The picture he paints—and it seems a fairly honest and frank assessment— is of someone struggling to come to terms with a new position and power who's still figuring out how to come to grips with how people around him are reacting to the $50 million deal he signed last year with Comedy Central. Without naming specific characters, he seems to blame both some of his inner circle (not his family) and himself for the stresses created by last year's deal.
"There were things that overwhelmed me," he says. "But not in the way that people are saying. I haven't spent any of the money. All that stuff about partying and taking crack is not true. Why do I live on a farm in Ohio? To support my partying lifestyle?"
The problems, he says, started with his inner circle."If you don't have the right people around you and you're moving at a million miles an hour you can lose yourself," he says. "Everyone around me says, 'You're a genius!'; 'You're great!'; 'That's your voice!' But I'm not sure that they're right." And he stresses that Comedy Central was not part of the problem and put no more than normal television restrictions on what he could do.
"You got to be careful of the company you keep," Chappelle says. "It's hard to know how much to say. One of the things that happens when people make the leap from a certain amount of money to tens of millions of dollars is that the people around you dramatically change.
"During my ascent, I've seen other people go through that wall to become really big. They always said that fame didn't change them but that it changes the people around them. You always hear that but you never really understand it. But now that I'm there that makes a lot of sense and I'm learning what that means. You have to have people around you that you can trust and aren't just out for a meal ticket."
The breakdown in trust within his inner circle seems to have led him to question the material they were producing. He seems obsessed with making sure the material is good and honest and something that he will be proud. "I want to make sure I'm dancing and not shuffling," he says. "What ever decisions I make right now I'm going to have live with. Your soul is priceless." The first two seasons of his show "had a real spirit to them," he says. "I want to make sure whatever I do has spirit."

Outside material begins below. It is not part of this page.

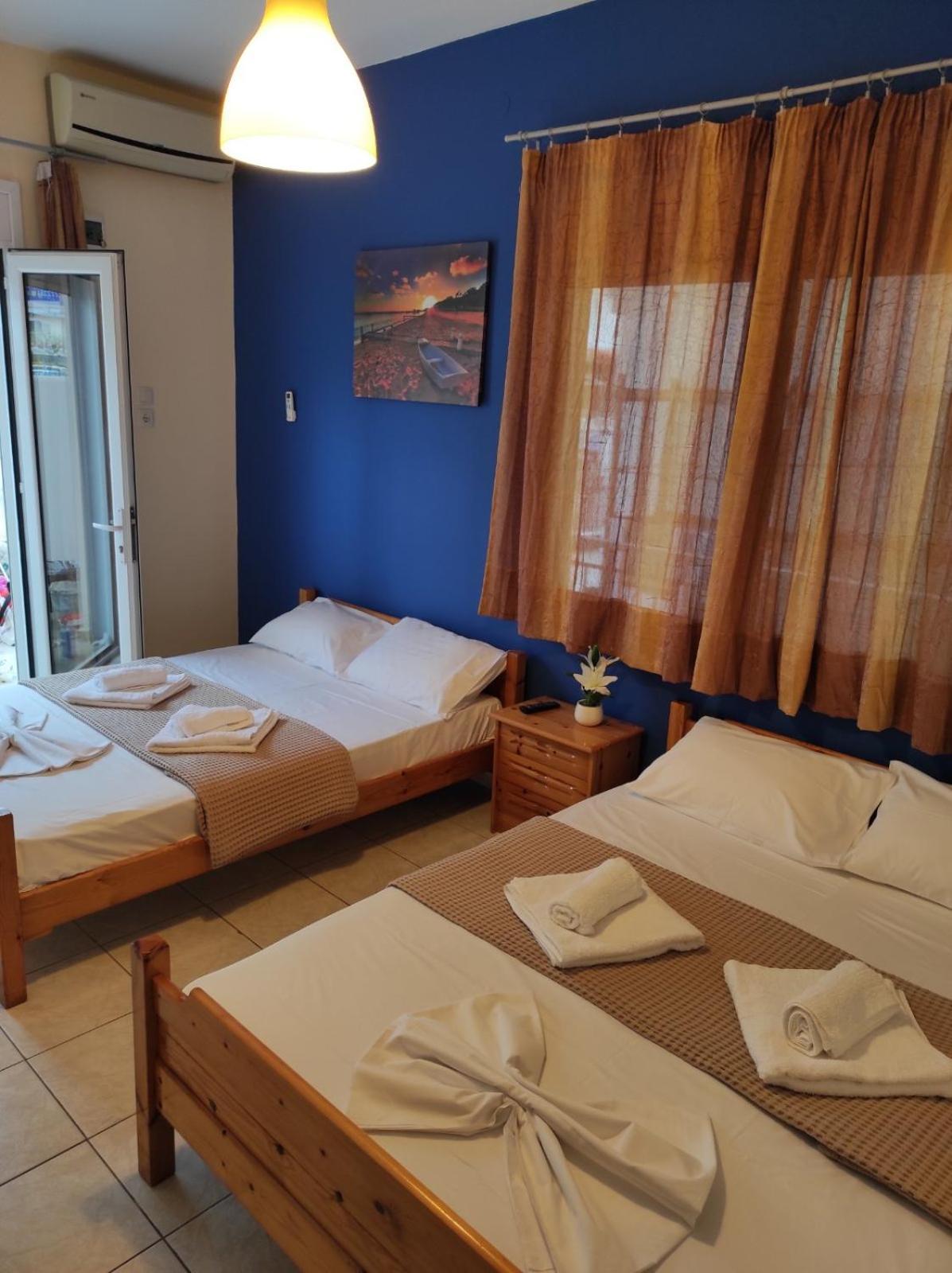 Light Blue Paralia Apartments Экстерьер фото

But Chappelle also says that he must share the blame for the stalled third season. "I'm admittedly a human being," he says. "I'm a difficult kind of dude." His earlier walkout during shooting "had a little psychological element to it. I have trust issues, things like that. I saw some stuff in myself that I just didn't dig. It's like when I brought a girl home to my mom and it looked as if my mom really didn't like this girl. And she told me, 'I like her just fine. I just don't like you around her.' That's how I feel in this situation. There were some things about myself that I didn't like. People got to take inventory from time to time. That's what this [coming to South Africa] is for."
I'm 100% sure he's not talking about Charlie Murphy, who's the other reason I was sad to hear Mr. Chappelle had stopped making the third season of Chappelle's Show. Come home soon, Dave.